Abriu o livro que levava na bolsa. Exatamente na cena em que Phoebe, a mulher do protagonista, descobre a amante. ''A mentira é uma maneira vulgar e desprezível de controlar a outra pessoa'', ela diz.

Chegou em casa. O marido estava no sofá, com o labrador preto nos pés. Nem o cão fez festa. Não precisou de meia palavra, já que tudo se revelou. Mentir seria humilhá-lo, pensou. Sim, dormi com outro cara, estou a fim dele. Queria que o marido abaixasse a cabeça e, como um potro vencido por um garanhão que o surrou, deixasse o pasto para curar suas feridas na solidão do vexame. Mas surpreendentemente ele começou a chorar, depois a esbravejar, depois a agredir, depois a xingar.

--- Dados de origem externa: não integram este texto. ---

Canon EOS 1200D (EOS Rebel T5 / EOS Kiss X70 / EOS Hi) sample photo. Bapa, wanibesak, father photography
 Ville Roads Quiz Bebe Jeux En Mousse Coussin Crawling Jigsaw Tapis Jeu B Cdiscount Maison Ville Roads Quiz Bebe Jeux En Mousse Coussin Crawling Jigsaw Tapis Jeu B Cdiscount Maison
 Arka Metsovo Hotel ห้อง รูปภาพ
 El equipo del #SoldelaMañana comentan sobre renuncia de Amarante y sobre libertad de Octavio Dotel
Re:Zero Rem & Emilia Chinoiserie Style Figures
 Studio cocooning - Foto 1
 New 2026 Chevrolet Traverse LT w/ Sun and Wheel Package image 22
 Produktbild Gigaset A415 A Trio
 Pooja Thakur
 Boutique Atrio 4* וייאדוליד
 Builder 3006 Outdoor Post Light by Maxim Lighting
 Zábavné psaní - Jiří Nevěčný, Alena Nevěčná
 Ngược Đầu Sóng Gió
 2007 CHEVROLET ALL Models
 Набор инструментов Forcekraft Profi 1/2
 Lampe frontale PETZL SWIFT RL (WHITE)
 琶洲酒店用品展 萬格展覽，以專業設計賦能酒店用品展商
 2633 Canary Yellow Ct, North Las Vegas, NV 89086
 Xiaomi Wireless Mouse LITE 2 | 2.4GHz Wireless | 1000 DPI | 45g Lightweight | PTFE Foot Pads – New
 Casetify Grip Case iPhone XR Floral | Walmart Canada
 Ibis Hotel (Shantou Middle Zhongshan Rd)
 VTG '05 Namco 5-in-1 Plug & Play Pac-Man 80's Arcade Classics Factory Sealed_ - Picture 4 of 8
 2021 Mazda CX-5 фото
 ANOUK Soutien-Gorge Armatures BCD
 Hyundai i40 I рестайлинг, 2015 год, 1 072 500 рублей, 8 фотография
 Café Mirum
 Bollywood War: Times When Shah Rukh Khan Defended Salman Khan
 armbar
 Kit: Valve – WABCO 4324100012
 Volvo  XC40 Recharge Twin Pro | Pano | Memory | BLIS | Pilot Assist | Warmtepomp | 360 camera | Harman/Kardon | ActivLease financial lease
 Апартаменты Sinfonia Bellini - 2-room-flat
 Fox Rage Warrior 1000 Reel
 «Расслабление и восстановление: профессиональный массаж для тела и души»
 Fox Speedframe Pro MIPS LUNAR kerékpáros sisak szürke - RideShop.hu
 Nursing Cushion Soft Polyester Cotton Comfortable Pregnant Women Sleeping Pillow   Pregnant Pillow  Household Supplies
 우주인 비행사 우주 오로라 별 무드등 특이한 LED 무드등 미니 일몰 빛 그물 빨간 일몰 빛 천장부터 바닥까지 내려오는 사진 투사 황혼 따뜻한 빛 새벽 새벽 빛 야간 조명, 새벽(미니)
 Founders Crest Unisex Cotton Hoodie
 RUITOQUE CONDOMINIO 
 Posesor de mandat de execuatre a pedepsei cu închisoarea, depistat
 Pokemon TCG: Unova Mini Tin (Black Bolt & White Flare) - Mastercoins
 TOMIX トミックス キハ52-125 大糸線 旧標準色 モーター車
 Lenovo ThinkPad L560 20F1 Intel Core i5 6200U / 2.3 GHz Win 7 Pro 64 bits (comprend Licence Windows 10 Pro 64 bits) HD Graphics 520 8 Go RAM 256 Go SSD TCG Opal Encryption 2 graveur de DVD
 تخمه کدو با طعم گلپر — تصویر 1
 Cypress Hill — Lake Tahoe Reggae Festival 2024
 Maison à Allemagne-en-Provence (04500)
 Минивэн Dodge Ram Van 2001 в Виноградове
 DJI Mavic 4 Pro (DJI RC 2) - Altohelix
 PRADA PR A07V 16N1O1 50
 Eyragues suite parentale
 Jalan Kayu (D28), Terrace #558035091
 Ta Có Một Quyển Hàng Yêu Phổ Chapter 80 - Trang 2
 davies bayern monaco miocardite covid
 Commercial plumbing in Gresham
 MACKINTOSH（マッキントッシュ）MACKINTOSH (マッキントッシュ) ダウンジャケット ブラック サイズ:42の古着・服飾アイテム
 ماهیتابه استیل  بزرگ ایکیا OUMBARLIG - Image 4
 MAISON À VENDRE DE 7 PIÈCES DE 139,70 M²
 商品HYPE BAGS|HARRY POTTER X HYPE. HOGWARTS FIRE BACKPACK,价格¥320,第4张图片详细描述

Ela percebeu que não seria fácil e, pior, que ela é quem teria de partir, se quisesse resumir o presumível.

Com alteridade, enquanto ela enumerava as razões, evitando contar que descobriu o homem da sua vida em 12 horas, ele se dizia injustiçado por um pérfido boato que a traíra. Ela não se alongou. Pegou o essencial, enfiou numa mochila verde e foi para a casa da mãe.

No dia seguinte, ele estava na sala com a mãe, esperando. Mais queixas, pedidos de desculpas, acusações. Mais promessas de um futuro melhor: ''Deixa eu mostrar que sou alguém melhor.'' As confusões se alastraram.

Ela? Pena, muita. Por isso, pegou a mochila verde e foi para a casa da amiga, aquela que o viu com outra. Deixou genro e sogra, indignados. Falando sozinhos.

Outro dia. Ela ficou louca quando olhou no retrovisor e viu o marido a seguindo de carro. Justamente na noite em que reencontraria Mauro. Moleque, pensou! Acelerou, e o moleque a imitou.

Entrou em ruas vicinais, passou faróis vermelhos, ignorou lombadas. E o insistente sem desistir. Ela decidiu parar numa praça calma. Ele parou metros atrás. Ela saiu do carro. Ele, não. Estava apenas seguindo. Não queria conversar nem nada. Ele aumentou a música que tocava no seu som: ''Eu vou tentar, mesmo que eu não ganhe nada com isso, eu preciso salvar o mundo...''

A banda que aprenderam a curtir juntos. Maria não acreditou em tamanha prepotência. Voltou para o carro e arrancou.

Entrou no shopping a toda, parou na primeira vaga, correu até as escadas rolantes, subiu a desligada - dois andares -, saiu pela entrada e pegou um táxi no primeiro ponto. É preciso apostar na felicidade.